Jakarta – Lembaga Peduli Nusantara berpendapat bahwa, secara luas, tindak pidana siber ialah semua tindak pidana yang menggunakan sarana atau dengan bantuan Sistem Elektronik. Artinya semua tindak pidana konvensional dalam Kitab Undang-Undang Hukum Pidana sepanjang dengan menggunakan bantuan atau sarana Sistem Elektronik seperti pembunuhan, perdagangan orang, dapat termasuk dalam kategori tindak pidana siber dalam arti luas.
Dalam pengertian yang lebih sempit, pengaturan tindak pidana siber diatur dalam Undang-Undang Nomor 11 Tahun 2008 tentang Informasi dan Transaksi Elektronik sebagaimana yang telah diubah oleh Undang-Undang Nomor 19 Tahun 2016 tentang Perubahan Atas Undang-Undang Nomor 11 Tahun 2008 tentang Informasi dan Transaksi Elektronik.
Untuk Menjawab pertanyaan tersebut di atas, setidaknya ada dua hal yang perlu diperhatikan, yaitu:
A.Ruang lingkup cybercrimes, danp
Peraturanperundang-undangan yang menjadi landasan dalam penanganan cybercrimes, baik dari segi materil dan formil.
Ruang Lingkup Tindak Pidana Siber
Ada begitu banyak definisi cybercrimes, baik menurut para ahli maupun berdasarkan peraturan perundang-undangan.
Definisi-definisi tersebut dapat dijadikan dasar pengaturan hukum pidana siber materil. Misalnya, Sussan Brenner (2011) membagi cybercrimes menjadi tiga kategori:
Crimes in which the computer is the target of the criminal activity, crimes in which the computer is a tool used to commit the crime, and crimes in which the use of the computer is an incidental aspect of the commission of the crime.
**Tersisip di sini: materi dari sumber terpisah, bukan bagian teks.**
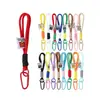 Alça de pescoço tecida color block feita à mão para celular, alça de chaveiro, corrente para pendurar, alça de celular para casal, material de miçanga, pingente de bolsa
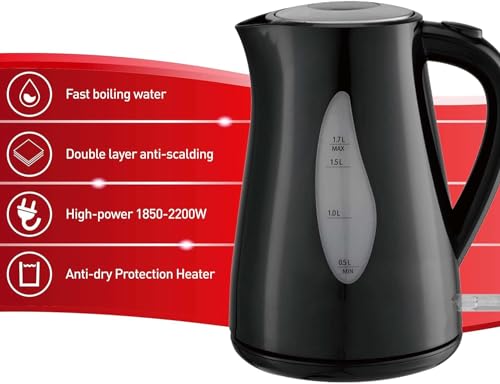 Hervidor eléctrico 1.7L acero inoxidable y plástico miniatura 2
Sedangkan, Nicholson menggunakan terminologi computer crimes dan mengkategorikan computer crimes (cybercrimes) menjadi objek maupun subjek tindak pidana serta instrumen tindak pidana.
First, a computer may be the ‘object’ of a crime: the offender targets the computer itself. This encompasses theft of computer processor time and computerized services.
Second, a computer may be the ‘subject’ of a crime: a computer is the physical site of the crime, or the source of, or reason for, unique forms of asset loss. This includes the use of ‘viruses’, ‘worms’, ‘Trojan horses’, ‘logic bombs’, and ‘sniffers.’ Third, a computer may be an ‘instrument’ used to commit traditional crimes in a more complex manner. For example, a computer might be used to collect credit card information to make fraudulent purchases.
Menurut instrumen Perserikatan Bangsa Bangsa (PBB) dalam Tenth United Nations Congress on the Prevention of Crime and the Treatment of Offenders yang diselenggarakan di Vienna, 10-17 April 2000, kategori cyber crime dapat dilihat secara sempit maupun secara luas, yaitu :
A. Cyber crime in a narrow sense (“computer crime”): any illegal behavior directed by means of electronic operations that targets the security of computer systems and the data processed by them;
Cyber crime in a broader sense (“computer-related crime”):
B. Any illegal behaviour committed by means of, or in relation to, a computer system or network, including such crimes as illegal possession, offering or distributing information by means of a computer system or network.